In the event that either Landlord or Tenant shall be unable at any
time to obtain one of the provisions referred to above in any of
its insurance policies, Landlord or Tenant, as the case may be,
shall promptly notify the other. Subject to the foregoing
provisions of this Section 9(b), and insofar as may be
permitted by the terms of the insurance policies carried by it, and
notwithstanding any provision of this Lease to the contrary, each
party hereby releases the other and its partners, agents and
employees (and in the case of Tenant, all other persons and
entities occupying or using the Premises in accordance with the
terms of this Lease) with respect to any claim (including a claim
for negligence) which it might otherwise have against the other
party for loss, damages or destruction with respect to its property
by fire or other casualty (including rental value or business
interruption, as the case may be) occurring during the Term covered
by (but only to the extent of the limits of coverage of) such
insurance policies.
10.
SPECIFIC REPAIR OBLIGATIONS OF TENANT : In
addition to the obligations undertaken in Sections 5 and 6,
Tenant agrees, at its own cost and expense, to make all reasonable
and necessary repairs and to keep maintained all equipment
fixtures, improvements and property within the Premises. Tenant
shall not be obligated to make structural repairs to the building
or repairs to the roof; but shall reimburse Landlord for any such
repairs the necessity of which is due to any act of Tenant, its
contractor, licensee, agent, invitee, visitor, servant or employee.

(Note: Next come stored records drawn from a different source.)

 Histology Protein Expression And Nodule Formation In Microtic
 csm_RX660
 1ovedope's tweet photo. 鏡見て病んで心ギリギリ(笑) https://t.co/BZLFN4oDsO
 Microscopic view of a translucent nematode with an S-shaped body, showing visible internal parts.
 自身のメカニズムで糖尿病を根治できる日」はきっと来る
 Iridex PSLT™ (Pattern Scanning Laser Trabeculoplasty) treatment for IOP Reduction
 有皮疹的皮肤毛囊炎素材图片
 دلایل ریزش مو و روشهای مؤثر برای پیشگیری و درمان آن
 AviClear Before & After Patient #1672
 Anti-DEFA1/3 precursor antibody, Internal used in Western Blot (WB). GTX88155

Landlord shall make structural repairs to the building or repairs
to the roof in a timely manner.
11.
UTILITY EXPENSES : The Tenant shall be
responsible for payment of its utility expenses.
12.
ASSIGNMENT AND SUBLEASING : This lease shall not
be assigned or sublet in whole or in part without the express
written permission of the Landlord, which permission shall not be
unreasonably withheld. Notwithstanding the forgoing, this lease may
be assigned by Tenant to any affiliate of Tenant, successor by
merger or consolidation, or acquirer of substantially all of the
business and assets of Tenant (“Affiliate”) without the
consent of Landlord; provided Tenant shall give notice to Landlord
of an assignment to an Affiliate at least ten (10) days prior
to the effective date of such assignment and provide Landlord with
a copy of the assignment document. No assignment or subletting
shall serve to release Tenant from liability hereunder.
13.
PERMITTED SIGNS : The Tenant shall be entitled to
place a sign as permitted by applicable laws and ordinances,
subject to Landlord’s consent, which shall not be
unreasonably withheld.
14.
COMPLIANCE WITH LAWS : The Tenant shall promptly
comply with all laws, ordinances, rules, regulations, requirements
and directives of all governmental or public authorities and of all
their subdivisions, applicable to and affecting the Premises, their
use and occupancy, and shall promptly comply with all orders,
regulations requirements and directives of the Board of Fire
Underwriters or similar authority and of any insurance companies
which have issued or are about to issue policies of insurance
covering the Premises and its contents, for the prevention of fire
or other casualty, damage or injury, at the Tenant’s own cost
and expense.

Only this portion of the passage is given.